Darbe girişiminin kişi başına maliyetinin 2 bin doları aşmış olabileceğini, ülke ekonomisine dolaylı maliyetinin ise toplamda 400 milyar doları aştığını belirten Şener, darbe girişiminin ardından kredi derecelendirme kuruluşlarının hızla kredi notunu düşürdüğünü ancak bu düşüşlerin asılsız olduğunu savundu. Darbeden sonra ekonominin hızla toparlanması nedeniyle buna gerek yok.
Darbe girişiminin ardından yaşanan olaylarla birlikte Türkiye’ye yabancı sermaye akışında gözle görülür bir yavaşlama yaşandığını söyleyen Şener, 2016’da 16 milyar dolar olan bu miktarın 2019’da 8,6 milyar dolara düştüğünün altını çizdi.
Darbe girişimi nedeniyle doğrudan yabancı sermaye girişinin azalması nedeniyle kişi başına düşen milli gelirde düşüş yaşandığını kaydeden Şener, 2013’te 12 bin 582 dolara ulaşan kişi başına gelirin 8 bin 600 dolara düştüğünü söyledi. 2020’de darbe girişimiyle birlikte 2023’te 13 bin dolara ulaşacak. Tekrar 243 dolar seviyesine ulaşılabileceği bildirildi.
Kümülatif büyüme süreci dikkate alındığında geçen yıl 19 bin 600 doları aşması gereken kişi başına gelirin 13 bin dolar civarında kaldığına dikkat çeken Şener, şöyle konuştu: “Darbe süreci sadece kişi başına gelir kayıpları açısından 10 yıllık bir kayıp yarattı.” dedi.
2015 yılında 19,3 milyar dolar olan doğrudan yabancı yatırımların darbe girişimiyle birlikte 2020’de 7,7 milyar dolara düştüğüne dikkat çeken Şener, geçen yıl ise ancak 10,7 seviyelerine ulaşabildiklerini söyledi.
Şener, “Darbe girişimi Türkiye’nin yatırım çekme potansiyeline ve yatırım imajına ciddi zarar verdi” dedi.
Merkezi hükümetin bütçe açığının GSYİH’ye oranının 2015 yılında yüzde 1 civarında olduğunu, 2020’de bu oranın yüzde 3,2’ye çıktığını belirten Şener, FETÖ’nün darbe girişiminin ülke ekonomisinde verimliliği düşürdüğünü ve maliyetleri artırdığını söyledi.

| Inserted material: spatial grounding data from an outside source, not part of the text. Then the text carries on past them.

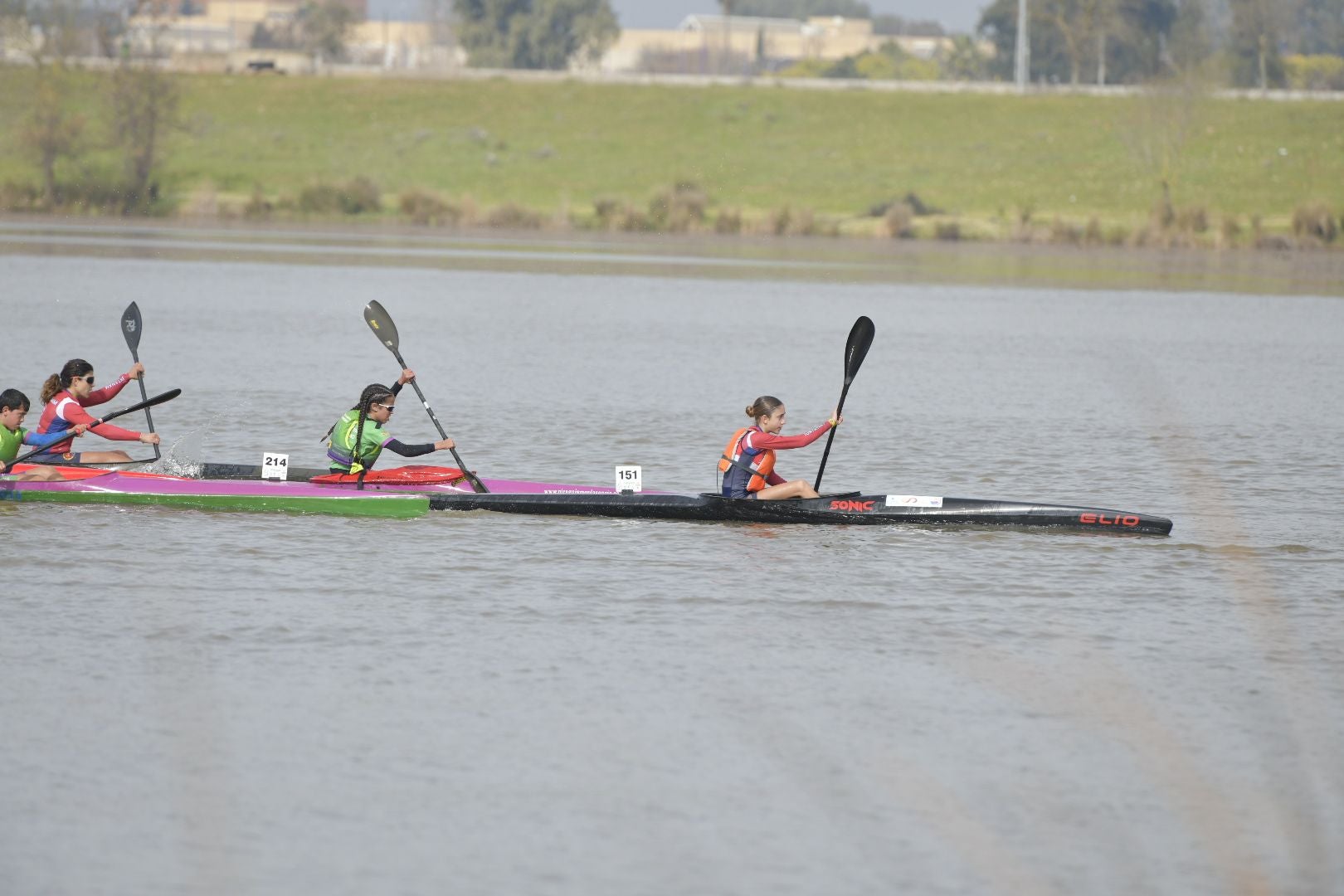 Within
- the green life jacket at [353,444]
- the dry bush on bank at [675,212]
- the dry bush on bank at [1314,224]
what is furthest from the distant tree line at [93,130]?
the green life jacket at [353,444]

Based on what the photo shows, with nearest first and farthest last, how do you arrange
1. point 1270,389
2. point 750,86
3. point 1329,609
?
point 1329,609
point 1270,389
point 750,86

Kredi derecelendirme kuruluşlarının not indirimlerine Türkiye’nin gri listede yer almasının da eklenmesiyle ülkenin uluslararası ekonomik imajının zayıfladığını belirten Şener, Türkiye üzerindeki yozlaştırıcı etkisi dikkate alındığında darbe girişiminin Türkiye’ye ekonomik maliyetinin çok daha yüksek olduğunu söyledi. . kurumlar ve çalışanlar.